» What is needed
Nothing but the lines from the one with "Lion kills man" down to the one with "Product 53736 KEP3USAACVOQDFYIBMCBINIAACLEAAAB" should be returned, exactly and with both ends included, from the material below.

» Data shown
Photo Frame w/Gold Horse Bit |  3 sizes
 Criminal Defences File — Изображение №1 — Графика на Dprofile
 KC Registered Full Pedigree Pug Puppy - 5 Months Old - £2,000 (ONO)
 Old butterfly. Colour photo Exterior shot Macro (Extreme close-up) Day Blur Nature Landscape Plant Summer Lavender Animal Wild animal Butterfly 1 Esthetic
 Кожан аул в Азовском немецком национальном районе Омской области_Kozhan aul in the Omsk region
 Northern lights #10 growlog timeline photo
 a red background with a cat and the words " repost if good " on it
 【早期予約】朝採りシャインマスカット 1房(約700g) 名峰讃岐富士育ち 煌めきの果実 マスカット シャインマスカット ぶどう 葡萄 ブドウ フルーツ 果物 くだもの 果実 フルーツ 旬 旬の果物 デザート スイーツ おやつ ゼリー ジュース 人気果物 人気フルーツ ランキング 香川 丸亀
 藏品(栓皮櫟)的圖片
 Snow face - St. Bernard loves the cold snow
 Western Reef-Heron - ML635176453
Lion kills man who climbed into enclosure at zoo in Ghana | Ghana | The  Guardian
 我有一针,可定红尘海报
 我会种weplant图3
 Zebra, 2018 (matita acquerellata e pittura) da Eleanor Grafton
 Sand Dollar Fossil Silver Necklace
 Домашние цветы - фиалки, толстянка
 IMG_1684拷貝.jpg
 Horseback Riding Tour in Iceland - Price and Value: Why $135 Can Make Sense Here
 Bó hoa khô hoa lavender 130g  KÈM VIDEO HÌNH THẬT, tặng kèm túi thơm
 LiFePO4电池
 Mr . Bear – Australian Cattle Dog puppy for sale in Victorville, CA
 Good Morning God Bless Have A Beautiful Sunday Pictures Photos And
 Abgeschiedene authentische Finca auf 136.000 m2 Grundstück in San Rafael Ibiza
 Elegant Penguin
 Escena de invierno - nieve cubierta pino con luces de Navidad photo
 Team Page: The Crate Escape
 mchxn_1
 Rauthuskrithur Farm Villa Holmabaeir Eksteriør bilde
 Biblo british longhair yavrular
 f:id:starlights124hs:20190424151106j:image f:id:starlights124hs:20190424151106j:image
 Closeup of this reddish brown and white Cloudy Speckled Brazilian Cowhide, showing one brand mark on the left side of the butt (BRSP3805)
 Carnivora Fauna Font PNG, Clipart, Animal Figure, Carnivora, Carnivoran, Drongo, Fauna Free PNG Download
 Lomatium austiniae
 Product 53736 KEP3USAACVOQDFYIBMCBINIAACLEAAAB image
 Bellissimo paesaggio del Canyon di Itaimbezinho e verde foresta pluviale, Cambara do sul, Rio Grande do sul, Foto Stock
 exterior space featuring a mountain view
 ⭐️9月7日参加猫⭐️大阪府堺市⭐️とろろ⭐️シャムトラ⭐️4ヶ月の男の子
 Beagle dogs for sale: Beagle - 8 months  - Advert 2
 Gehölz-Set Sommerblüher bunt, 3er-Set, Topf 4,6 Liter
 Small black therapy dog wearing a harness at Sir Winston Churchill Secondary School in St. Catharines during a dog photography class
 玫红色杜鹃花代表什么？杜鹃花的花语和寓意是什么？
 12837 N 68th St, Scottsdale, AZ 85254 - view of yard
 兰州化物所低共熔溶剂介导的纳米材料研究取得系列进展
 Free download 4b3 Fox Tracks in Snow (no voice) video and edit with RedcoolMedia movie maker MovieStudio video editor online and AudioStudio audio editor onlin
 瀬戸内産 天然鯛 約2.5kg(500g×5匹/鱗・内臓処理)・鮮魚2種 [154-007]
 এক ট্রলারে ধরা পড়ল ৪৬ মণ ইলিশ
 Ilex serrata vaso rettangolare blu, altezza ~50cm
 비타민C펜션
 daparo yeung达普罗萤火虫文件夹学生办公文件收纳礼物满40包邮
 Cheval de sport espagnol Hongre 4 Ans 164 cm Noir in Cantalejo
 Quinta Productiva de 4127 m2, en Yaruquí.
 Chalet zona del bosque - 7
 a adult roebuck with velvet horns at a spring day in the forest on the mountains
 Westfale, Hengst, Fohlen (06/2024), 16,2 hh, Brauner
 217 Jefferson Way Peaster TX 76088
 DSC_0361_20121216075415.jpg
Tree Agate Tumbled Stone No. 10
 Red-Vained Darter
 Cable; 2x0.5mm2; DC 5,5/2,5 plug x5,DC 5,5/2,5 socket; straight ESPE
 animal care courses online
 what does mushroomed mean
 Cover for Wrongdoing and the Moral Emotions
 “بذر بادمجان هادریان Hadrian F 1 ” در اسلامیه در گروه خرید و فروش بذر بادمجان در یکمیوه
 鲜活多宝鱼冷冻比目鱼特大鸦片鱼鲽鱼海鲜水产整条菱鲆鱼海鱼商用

» Answer below
Lion kills man who climbed into enclosure at zoo in Ghana | Ghana | The  Guardian
 我有一针,可定红尘海报
 我会种weplant图3
 Zebra, 2018 (matita acquerellata e pittura) da Eleanor Grafton
 Sand Dollar Fossil Silver Necklace
 Домашние цветы - фиалки, толстянка
 IMG_1684拷貝.jpg
 Horseback Riding Tour in Iceland - Price and Value: Why $135 Can Make Sense Here
 Bó hoa khô hoa lavender 130g  KÈM VIDEO HÌNH THẬT, tặng kèm túi thơm
 LiFePO4电池
 Mr . Bear – Australian Cattle Dog puppy for sale in Victorville, CA
 Good Morning God Bless Have A Beautiful Sunday Pictures Photos And
 Abgeschiedene authentische Finca auf 136.000 m2 Grundstück in San Rafael Ibiza
 Elegant Penguin
 Escena de invierno - nieve cubierta pino con luces de Navidad photo
 Team Page: The Crate Escape
 mchxn_1
 Rauthuskrithur Farm Villa Holmabaeir Eksteriør bilde
 Biblo british longhair yavrular
 f:id:starlights124hs:20190424151106j:image f:id:starlights124hs:20190424151106j:image
 Closeup of this reddish brown and white Cloudy Speckled Brazilian Cowhide, showing one brand mark on the left side of the butt (BRSP3805)
 Carnivora Fauna Font PNG, Clipart, Animal Figure, Carnivora, Carnivoran, Drongo, Fauna Free PNG Download
 Lomatium austiniae
 Product 53736 KEP3USAACVOQDFYIBMCBINIAACLEAAAB image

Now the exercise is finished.